The dhobi was a favorite postcard subject, with the colors on this postcard - note the brilliant white - likely stenciled in by the publisher in India.
The Kolam tradition of creating complex geometric patterns, often passed down from mother to daughter, out of rice flour or chalk in front of the home is an ancient tradition in South India and elsewhere.
A very simply but effectively hand-tinted card: blue, yellow and a pink hue that connects the babies anklet and mother's right earrings.
An unusual early "Greetings from" card by Wiele & Klein, one of the leading photographic studios in South India.
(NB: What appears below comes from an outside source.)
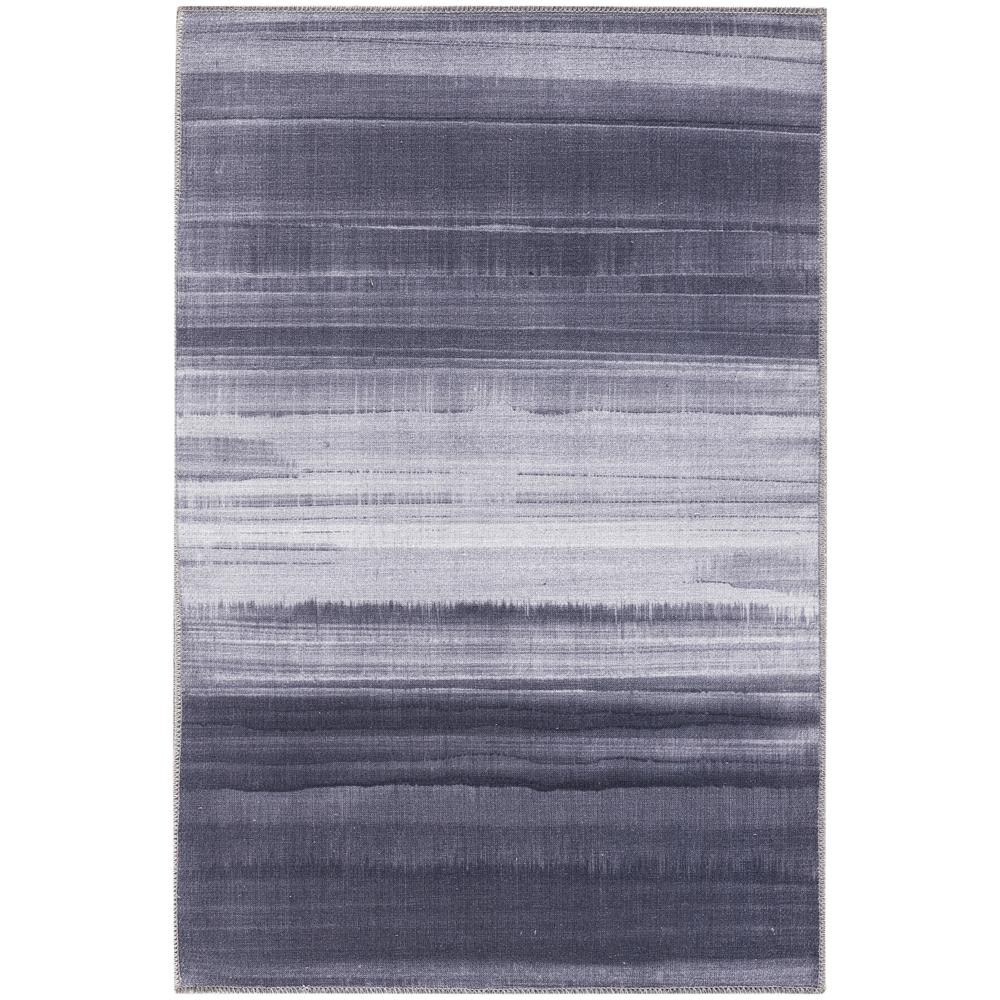 Modern Rectangle Area Rug, 3' x 4'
The woman looks slightly bored, if not irritated in this studio pose.
Possibly a dancer in a nicely hand-tinted postcard; note the red tip of the plant pointing to the lady.
A rich scene and well-preserved collotype to match, photographic in spontaneity and effect. One woman is glancing up from the pots, oblivious to another handing her one. Some men look at the camera, others walk by indifferent.
Historical records in Chennia mention Nungambakkam as one of the three villages (in addition to Egmore and Chetput) that the British East India Company purchased in 1743 to form the port city of Madras.
[Original caption] Madras, Holy Tank at Tirukalikunoram. Here in a great square court surrounded by people, palms, and neem-trees, we have one of the great Holy Tanks of Indian pilgrimage.